Monday, February 3, 2014

Day 34

I "ran" two miles on the elliptical machine today, at the gym.  It is always so hard to get up early in the morning to go there, it is not where I belong.

There is a man and an old lady whom I see every single time I am at the gym, and I go at different times, so why are they always there?  The old lady is always walking very slowly on a treadmill and the man is always standing talking to some poor person who is trying to exercise.  And no, he is not the trainer or the person on duty.  All those people wear special t-shirts so you know who they are in case you need to ask questions or be rescued from weights or something.  It is a mystery. 

We live close to the Essex River, a serpentine tidal river stretching sinuously from our town to its mouth into the great Atlantic, from which our town gets it name.  Recently it has been covered in ice. 


The meandering Essex River. Panoramas taken a week apart, from the same vantage point.
There are many words in the English language.  It has the most words of any language because of its origins, as it subsumed foreign words as it grew like a large organic creature swallowing everything in its path.  The Oxford English Dictionary describes it in a more polite, mathematical way: "The Vocabulary of a widely diffused and highly cultivated living language is not a fixed quantity circumscribed by definite limits... there is absolutely no defining line in any direction: the circle of the English language has a well-defined centre but no discernible circumference."  A beautiful concept, exquisitely explained.

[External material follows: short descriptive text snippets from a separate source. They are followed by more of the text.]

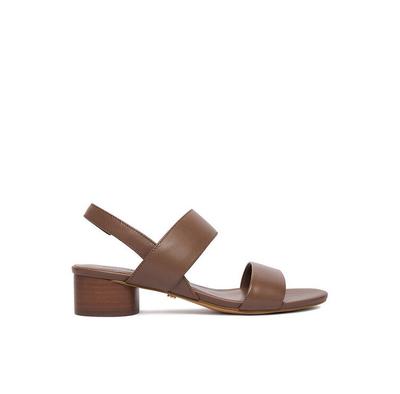 Sandals C-LP355740-1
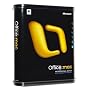 Microsoft Office 2004 Professional (Mac)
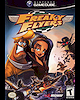 Freaky Flyers Disk1 Usapng — 575 GameCube Games option 158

I love my language and studied it formally for years. Even grammar fascinates me, syntax, structure, the theory of it all.  I can be reduced to tears by a line of a poem, or touched by words uttered by my husband or children. I can sink into a book until I am in that world of words, so far removed from the ordinary present world.  But there are many experiences for which there is no language, or there are only limited words.  Perhaps we don't know enough words, our vocabularies are too small.  Out of the 1,022.000 English words, estimated by the people of Google, we only maintain a small percentage in our brains.  And although as human beings we use language to express ourselves and communicate with one another, although we use the same word, for example, the word "love", we probably all mean very different things when we say it.  We can't even be sure that when we say "That is a yellow wall", we are seeing the exact same colour.

Matthew and Nick were my last children to leave home, almost three years ago now.  Nick lives in the city, about 50 minutes' drive away.  Matt lives a bit further, just over 2 hours' drive from our home.  They are both away from home.  Each day I think of them, knowing that they are away, absent from my daily life.  I picture them in their rooms, walking, biking, taking classes, because I have visited them both and have these experiences to inform the pictures in my head.  But now Matthew is in Senegal, the "away" takes on a different meaning.  On the one hand he is still away from home, as he would be at university, but he is somehow more "away" because he is so far afield.  He is more "away" because I can't see where he is, I can only imagine the streets of Dakar, his room, his host family, his new friends, the classrooms. 

My daughters and granddaughters are away in a different, faraway sense too.  It is the nature of our "Global Village", some say, and yes, people move around so much these days, all over the earth, but I would prefer them in my real village, where I don't have to wait for my vacation days, buy an expensive ticket and get on a plane to go and see them.

And now I will go up to bed, so tired from shovelling snow, and more to come on Wednesday and Sunday!  And I will fade "away" into delicious sleep, perchance to dream.